Exclude the pictures and transcribe the rest of the data below exactly.

━━ INFORMATION SHOWN

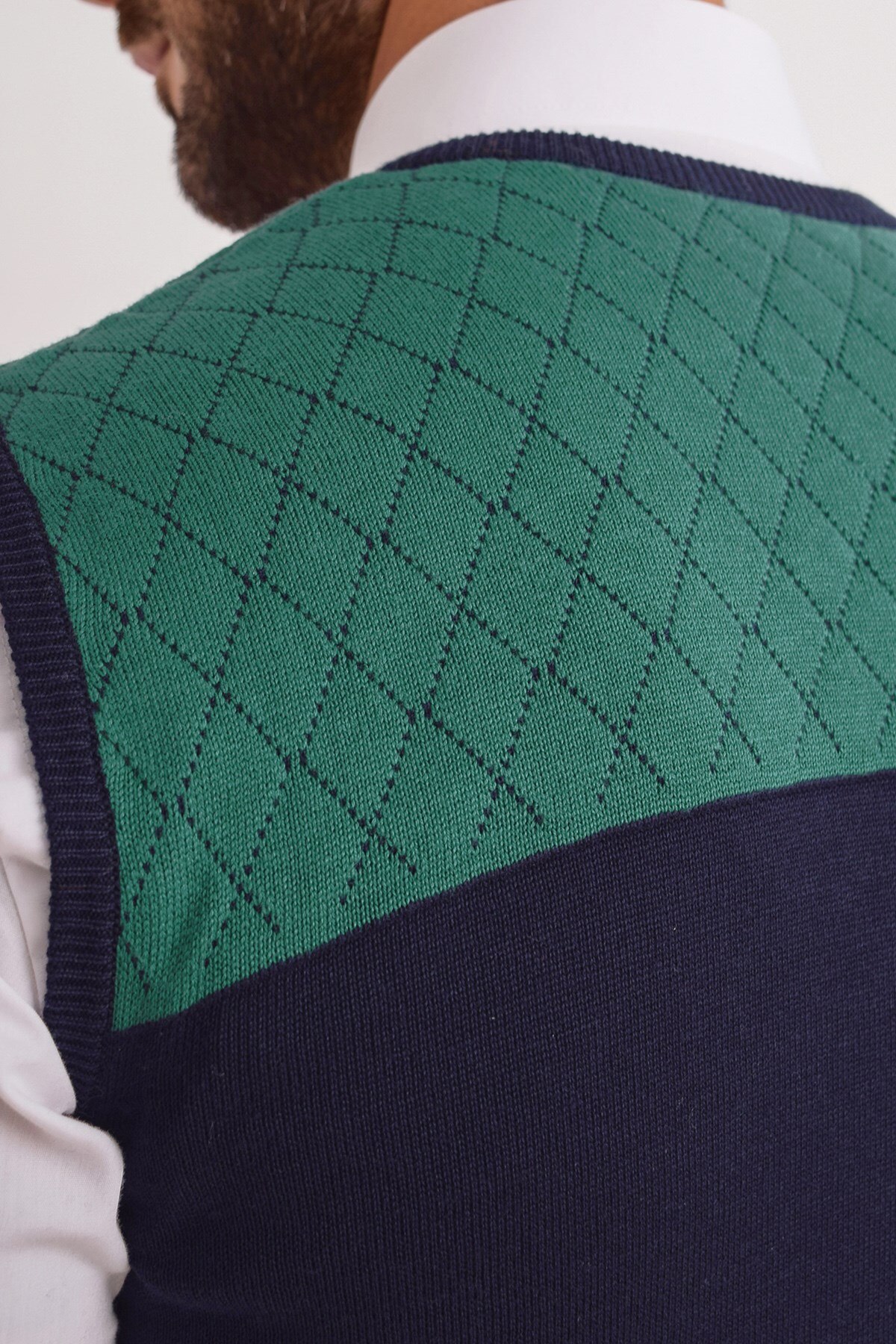 Heyss V Kraag Mannelijke Knitwear Trui Aantrekken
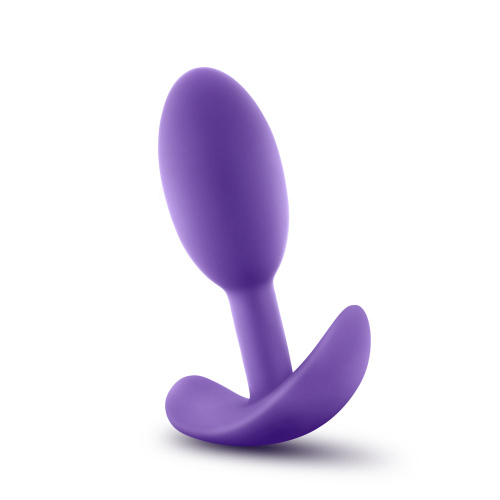 Luxe - Wearable Vibra Slim Plug - Small - Purple  3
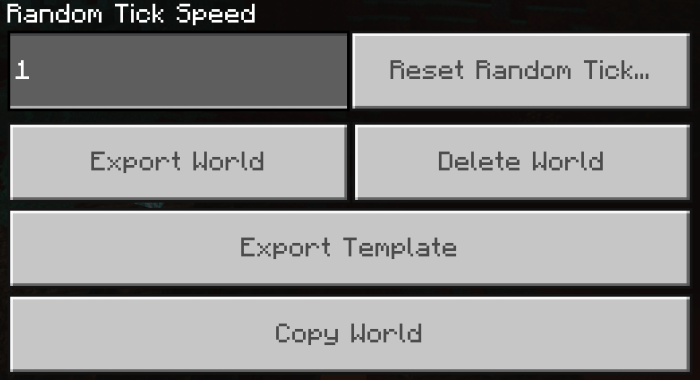 World Export on Mobile (iOS)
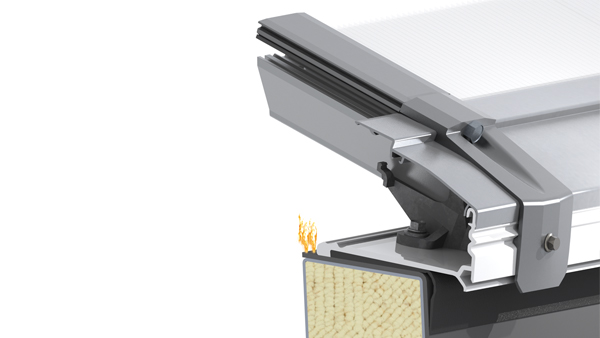 LAMILUX Lichtband B, Linearer Durchbrandschutz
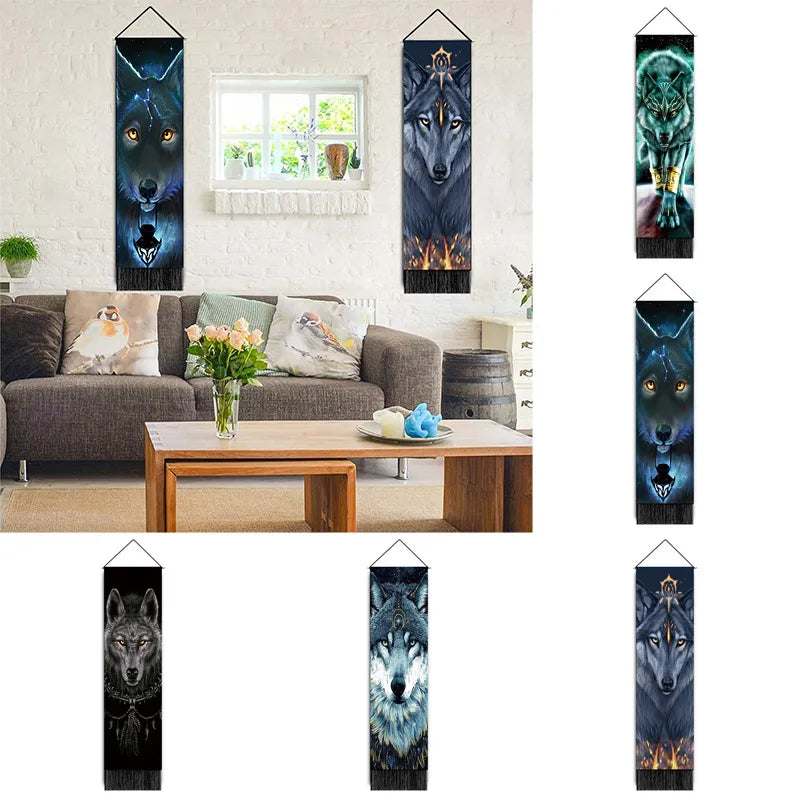 casual lion polyester tapestry artificial decorations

━━━━

• **EXERCISE RESPONSE**
 Heyss V Kraag Mannelijke Knitwear Trui Aantrekken
 Luxe - Wearable Vibra Slim Plug - Small - Purple  3
 World Export on Mobile (iOS)
 LAMILUX Lichtband B, Linearer Durchbrandschutz
 casual lion polyester tapestry artificial decorations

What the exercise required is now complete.